WASHINGTON — Democrats are demanding action on gun control after another mass shooting, this one at a grocery store in Boulder, Colorado, on Monday that left 10 people dead.
House Speaker Nancy Pelosi, D-Calif., said Tuesday that Congress must pass legislation to address gun violence.
“For the second time in a week, our nation is being confronted by the epidemic of gun violence," she said in a statement. "Too many families in too many places are being forced to endure this unfathomable pain and anguish. Action is needed now to prevent this scourge from continuing to ravage our communities."
Vice President Kamala Harris said of the latest shooting, "It's absolutely baffling. It's 10 people going about their day living their lives, not bothering anybody. A police officer who is performing his duties, and with great courage and heroism," referring to the officer who was killed when responding to the scene.
In an interview on "CBS This Morning," Rep. Joe Neguse, D-Colo., said he felt “a great deal of anger and frustration right now" and "the time for inaction is over."
"It does not have to be this way," he said. "There are commonsense gun reform legislation proposals that have been debated in the Congress for far too long.”
Neguse said the gun lobby and others have stopped Congress from making "meaningful reforms in the past but that's no excuse."
"I think the American people are tired of excuses, so it's time for us to roll up our sleeves in the Congress and muster the political willpower to actually get something done,” he said.
Their comments come as the Senate Judiciary Committee is set to hold a scheduled hearing on gun violence Tuesday, a week after a mass shooting at three Atlanta-area spas left eight people dead, including six women of Asian descent.
President Joe Biden addressed the spate of anti-Asian American violence Friday during a trip to Atlanta, calling the "brutality" against them "troubling." The president highlighted the incident as yet another example of how gun violence has become a national public health crisis.
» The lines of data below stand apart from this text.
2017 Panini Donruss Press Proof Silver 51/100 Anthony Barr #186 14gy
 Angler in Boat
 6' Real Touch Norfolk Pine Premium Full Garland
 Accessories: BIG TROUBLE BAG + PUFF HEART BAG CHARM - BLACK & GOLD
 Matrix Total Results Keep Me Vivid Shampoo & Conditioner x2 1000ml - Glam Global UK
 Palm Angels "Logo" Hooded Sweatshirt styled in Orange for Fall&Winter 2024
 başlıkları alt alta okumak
White House press secretary Jen Psaki told reporters after the Atlanta shootings that it's "a personal commitment of the president to do more on gun safety, to put more measures in place, to use the power of the presidency to work with Congress.”
Biden supports a pair of bills passed by the House this month that would expand background checks for gun purchases. One measure would require the checks for nearly all gun purchases, including transactions involving unlicensed or private sellers. The other bill aims to close the “Charleston loophole," which allows the sale of firearms to proceed if background checks aren’t completed within three days, by expanding the review period to 10 days.
The bills passed the House in the last Congress as well, but they were not taken up by the then-Senate Republican majority.
Senate Majority Leader Chuck Schumer, D-N.Y., has promised to put the bills to a vote, but Democrats would need support from at least 10 Republicans to overcome a filibuster in the evenly divided Senate, which is unlikely for the measures in their current form.
Sen. Dianne Feinstein, D-Calif., a longtime defender of the filibuster, suggested last week that she would be willing to change the process if it allowed for passage of legislation to address gun violence.
The last time Democrats were close to passing gun control legislation was in 2013 following the Sandy Hook Elementary School shooting, when they held the the House and the Senate and the White House under President Barack Obama.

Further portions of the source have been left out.